Roots
Consider, if you will, the profound intimacy held within each strand, a living testament to journeys spanning continents, whispers of enduring legacies, and the unwavering spirit of resilience. For countless generations across Africa and its diaspora, textured hair has always been far more than a mere biological attribute; it has been a sacred script, an intricate code, a dynamic archive of identity and belonging. When communities faced the crucible of adversity, from the brutal disruptions of the transatlantic slave trade to the insidious pressures of colonial imposition and systemic discrimination, the practices surrounding textured hair became a potent, often subversive, means of preserving a heritage under siege. The very coils and curves, the undeniable spring and strength inherent in Afro-textured hair, held within them not just genetic information, but the collective memory of a people, safeguarding narratives when other forms of cultural expression were violently suppressed.

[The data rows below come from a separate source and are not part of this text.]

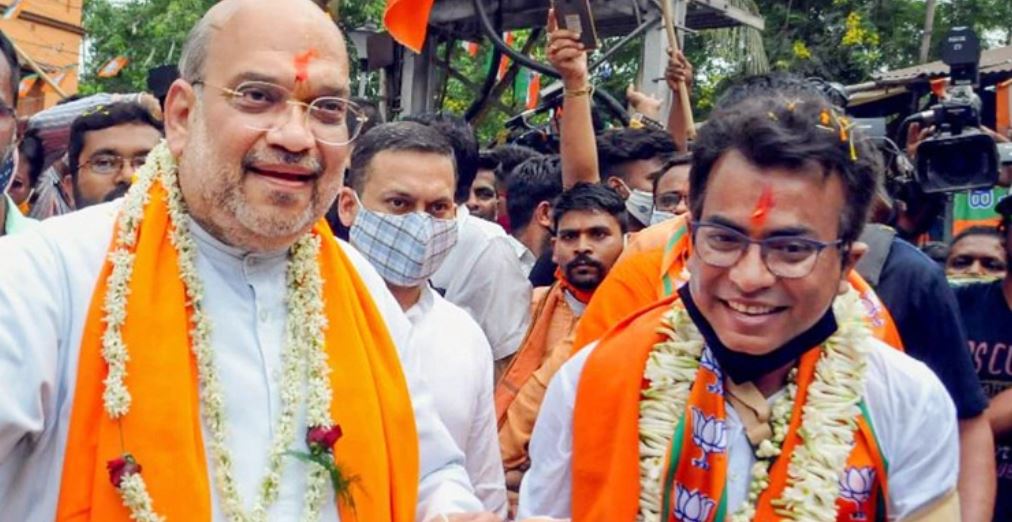 অমিত শাহের কাছে কাজ চেয়ে ট্রলের শিকার রুদ্রনীল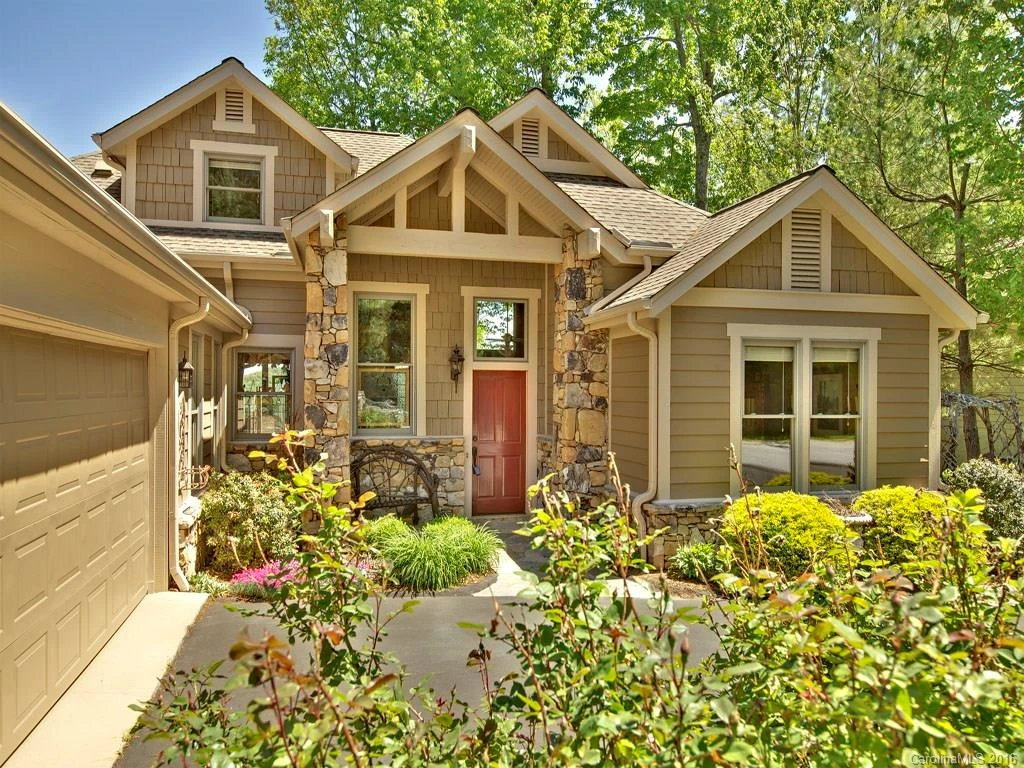 14 Spring Ridge Lane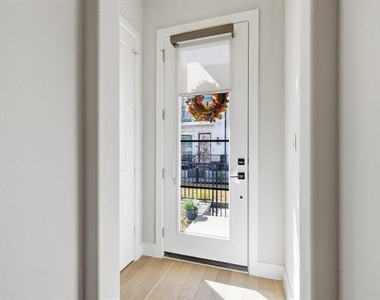 129 Garden Court E - Photo Thumbnail 3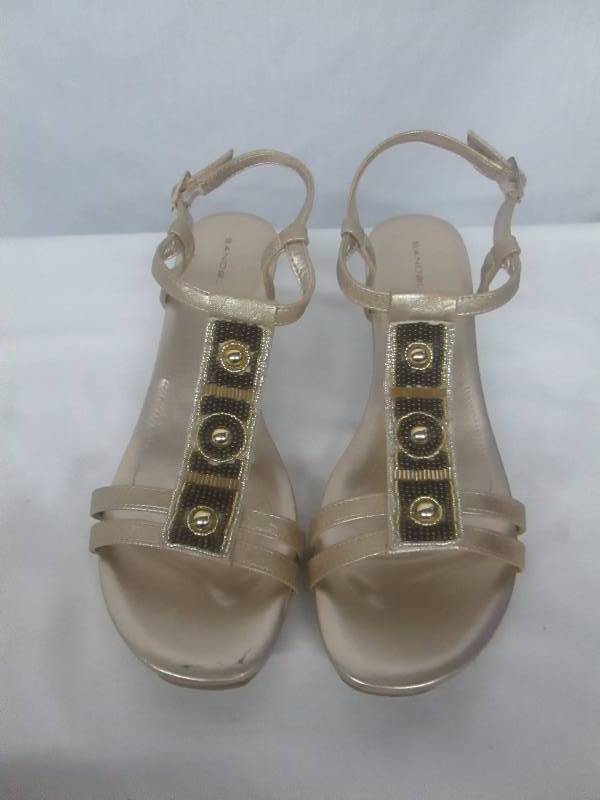 lot 67 image: Bandolino Womens Hettie Wedge T-Strap Sandal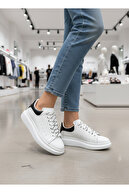 White/Striped Lace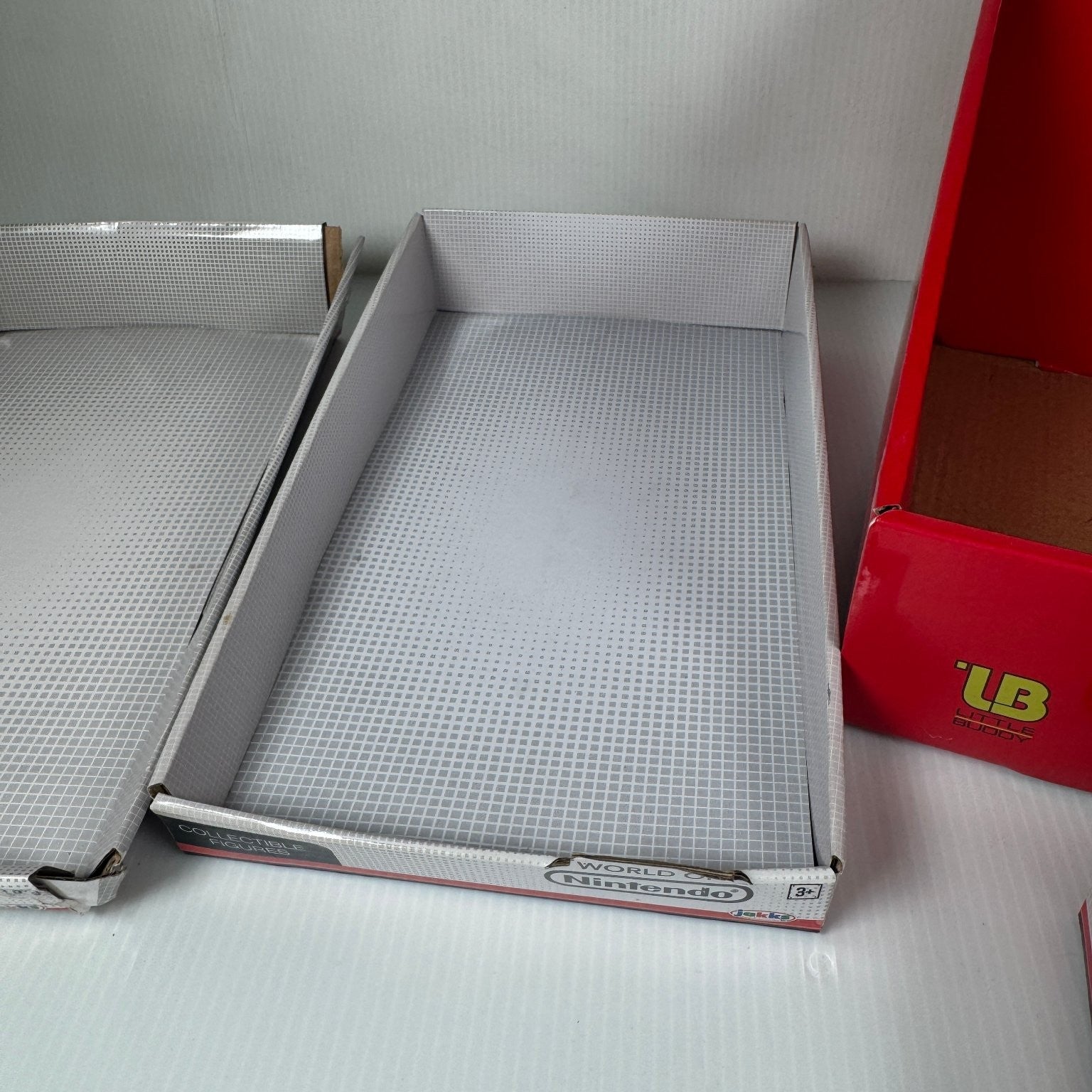 World of Nintendo Lot of 4 Collectible Figure Display Boxes Video Game Store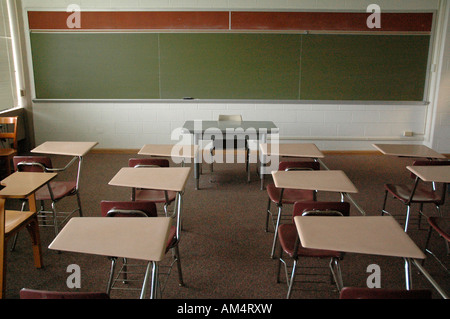 Classroom empty. High school or university desk or table and chairs in ...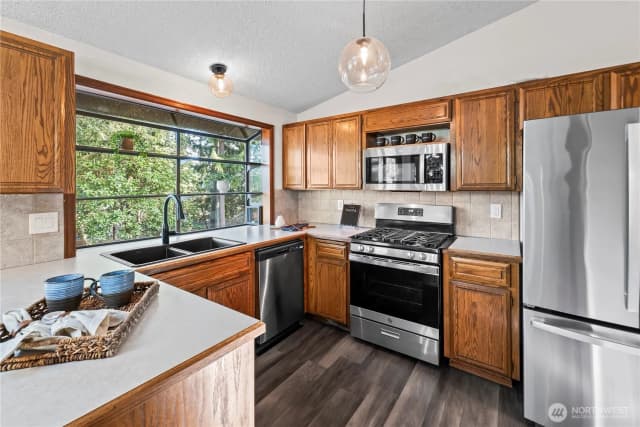 Property photo for 5701 68th Avenue Ct W, University Place photo 5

Ancestral Understanding of Textured Hair
In pre-colonial African societies, the meticulous care and styling of hair were central to social interaction, spiritual belief, and the communication of personal and communal status. Hair was often perceived as a conduit to the divine, the most elevated part of the body, a spiritual antenna reaching towards ancestral realms and higher powers. This reverence shaped the understanding of hair’s anatomy, long before modern scientific inquiry confirmed its structural uniqueness. Ancient communities recognized the hair’s capacity for density and its ability to hold intricate patterns, making it an ideal canvas for expression.
In ancestral traditions, textured hair served as a living canvas, encoding layers of meaning and connection for individuals and communities.
For instance, among the Yoruba People of Nigeria, hair was seen as intrinsically connected to spiritual power, with specific braided styles serving to send messages to the gods. Hair dressers were not simply stylists; they were revered custodians of cultural knowledge, often holding significant social standing. The very act of washing, oiling, and braiding hair became a communal ritual, a shared moment of intimacy and bonding that solidified familial and societal ties. This communal aspect ensured the continuity of these practices, even when external forces sought to dismantle them.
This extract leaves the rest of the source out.